Listing held back. date of listing 'to be advised'.

Good move. a listing now in this kind of weather would be paramount to suicide.


----------



## Ageo (11 August 2007)

purple said:


> Listing held back. date of listing 'to be advised'.
> 
> Good move. a listing now in this kind of weather would be paramount to suicide.




hehe thats what my broker told me as the market is choppy. But have a look at CUR (hit 400% on the 1st day, yesterday). You never know what will happen in the end (only have 1s that are in your favour).

Although i was still happy it held off, no news on when it will list thow


----------



## purple (11 August 2007)

Ageo said:


> hehe thats what my broker told me as the market is choppy. But have a look at CUR (hit 400% on the 1st day, yesterday). You never know what will happen in the end (only have 1s that are in your favour).
> 
> Although i was still happy it held off, no news on when it will list thow




i had a look at CUR, and yes, it was amazing given the current market. which makes me think, it's either investors are still strongly bullish while the market is down or IPOs are really cheap buys.


----------



## Ageo (11 August 2007)

purple said:


> i had a look at CUR, and yes, it was amazing given the current market. which makes me think, it's either investors are still strongly bullish while the market is down or IPOs are really cheap buys.




I think it depends on the fundamentals of the company and the people that invest in it.

IPO's can be great, but sometimes horrible and thats why i always split my bank accross different companies.


----------



## purple (11 August 2007)

Ageo said:


> I think it depends on the fundamentals of the company and the people that invest in it.
> 
> IPO's can be great, but sometimes horrible and thats why i always split my bank accross different companies.




cooor..you own a bank? which one? ANZ? 

lol

i'm spreading meself thin too, over IPOs, shares, overseas markets and the ol' property. it's like a swipe of peanut butter can be spread only that much over the wholemeal.


----------



## Ageo (15 August 2007)

just to update purple i hear WHN is going to list on the 21st of August.

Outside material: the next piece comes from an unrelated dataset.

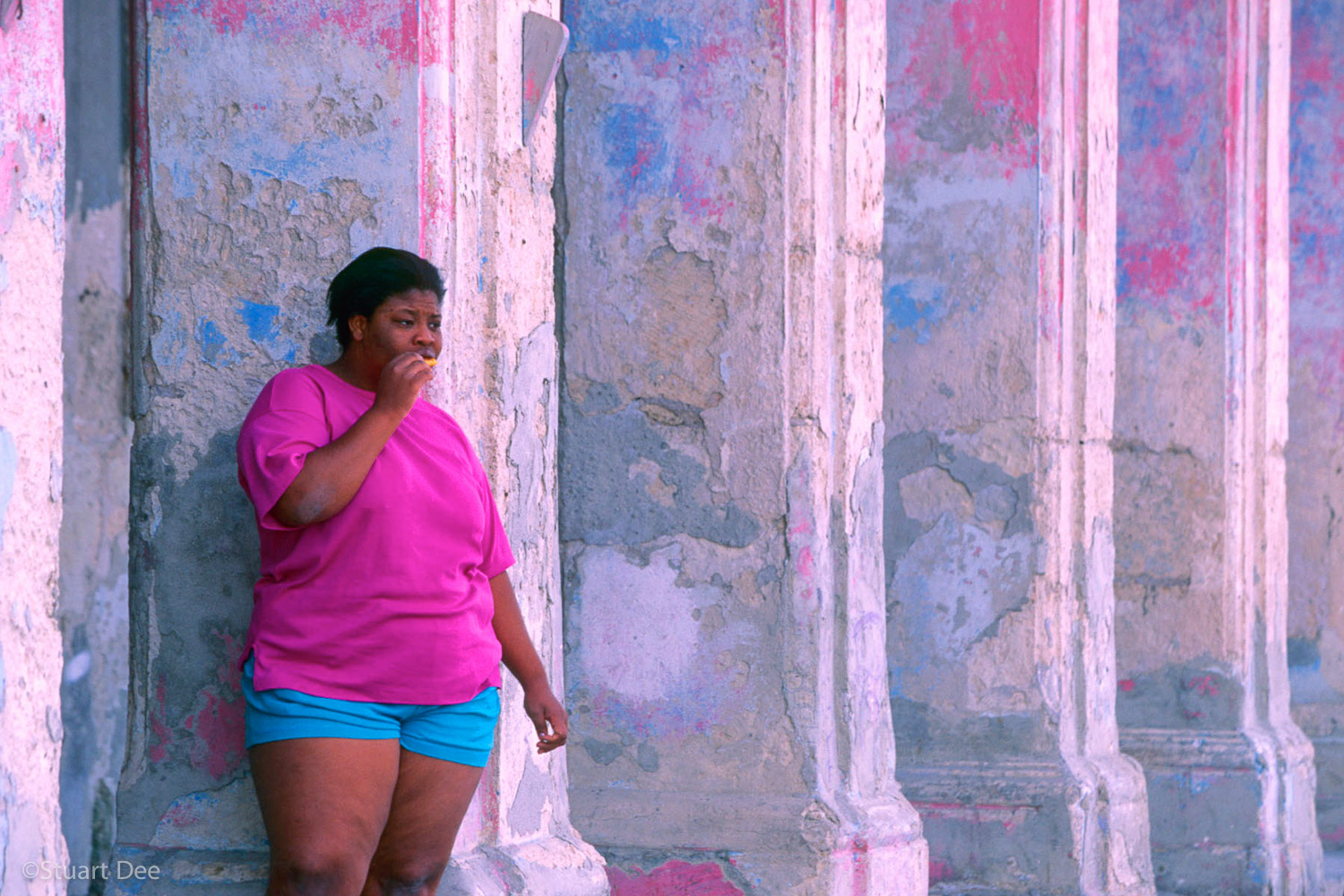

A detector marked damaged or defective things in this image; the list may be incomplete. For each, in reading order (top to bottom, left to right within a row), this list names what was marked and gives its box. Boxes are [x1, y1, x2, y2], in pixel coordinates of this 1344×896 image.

cracked wall surface [0, 3, 68, 892]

I will let you know when there is confirmation thow


----------



## purple (15 August 2007)

Great news Ageo. the ASX site still puts it on 10th August as listing date.

will be interesting to see what happens to it when it lists. that's only a week away from now...hope we've hit bottom by then and start moving up. it's been a depressing 2 weeks to see prices keep falling.


----------



## purple (15 August 2007)

the current IPO listings have been hurt badly...like babies slashed as soon as they poke their head out of the mother...painful indeed.

current listings AXE,HFC,DSN all mineral explorers all down between 2 - 12%.

meanwhile CUR still riding strong. still up.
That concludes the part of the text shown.